Soybean productivity and seed quality are greatly affected by the correct nutrient balance to the growing crop, especially the 3 macro-elements N, P and K. In Egypt, the Ministry of Agriculture and Land Reclamation (MALR) recommends 54 kg P2O5/ha to be incorporated into the soil during land preparation and 144 kg N ha1, if inoculation with rhizobium is not practiced, in addition to 57 kg K ha1, especially in the newly reclaimed areas applied 30-45 days after sowing. Because of the high production costs of soybean production in Egypt3, these fertilizer recommendations will not be fully met in the future. The continuous hikes in mineral fertilizer prices force farmers to skip the addition of potassium and rely only on phosphorous and nitrogen for production. This trend has been reported in other countries causing high deficiency in K in soils due to the continuous removal of K by crops grown over time without substitution by fertilization, as opposed to phosphorus and nitrogen, which eventually will reflect on yield4.

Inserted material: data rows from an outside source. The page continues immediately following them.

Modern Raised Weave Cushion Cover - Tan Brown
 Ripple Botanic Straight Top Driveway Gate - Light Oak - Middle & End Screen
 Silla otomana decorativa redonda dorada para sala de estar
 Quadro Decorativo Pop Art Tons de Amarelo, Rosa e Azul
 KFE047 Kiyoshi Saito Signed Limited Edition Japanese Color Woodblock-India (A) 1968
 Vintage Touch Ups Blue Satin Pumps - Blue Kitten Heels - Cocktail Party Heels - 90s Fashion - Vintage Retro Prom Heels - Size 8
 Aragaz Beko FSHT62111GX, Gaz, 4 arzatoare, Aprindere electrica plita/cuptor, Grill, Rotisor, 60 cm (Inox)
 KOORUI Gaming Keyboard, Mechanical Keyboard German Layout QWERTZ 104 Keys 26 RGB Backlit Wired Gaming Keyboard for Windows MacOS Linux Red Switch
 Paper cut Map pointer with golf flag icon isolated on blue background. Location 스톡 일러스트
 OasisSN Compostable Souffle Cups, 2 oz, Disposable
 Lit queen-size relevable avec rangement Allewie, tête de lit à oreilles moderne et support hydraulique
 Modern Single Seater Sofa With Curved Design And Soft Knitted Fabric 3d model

Although potassium is not an integral component of any cellular organelle or structural part of the plant5, its deficiency causes poor root system development, weak stalks, poor and shriveled seeds and fruits in addition to susceptibility to diseases6. The importance of K for soybean has been investigated by many researchers under a wide range of growing environments and cultural practices, however, results on the amount of K required by soybean, the application method, the time of application and its effect on seed yield and yield components were in many cases inconsistent. Regarding the effect of K fertilization rates on soybean7, there were no significant changes in total seed oil and protein content in response to K fertilization (0, 66 and 132 kg K ha1), although total seed K concentration in plants and linolenic acid in seeds increased with higher levels of K fertilization. The effect of five K levels8 (0, 45, 90, 134 and 179 kg ha1) on yield, oil% and oil composition in soybean showed in consistent effects on yield, however, the increase in seed oil% was positively correlated with K rates up to 134 kg ha1. On the other hand Abbasi et al.9, reported an increase in seed yield from 15 to 45% when K was employed up to a rate of 80 kg ha1 compared to the control, depending on the year.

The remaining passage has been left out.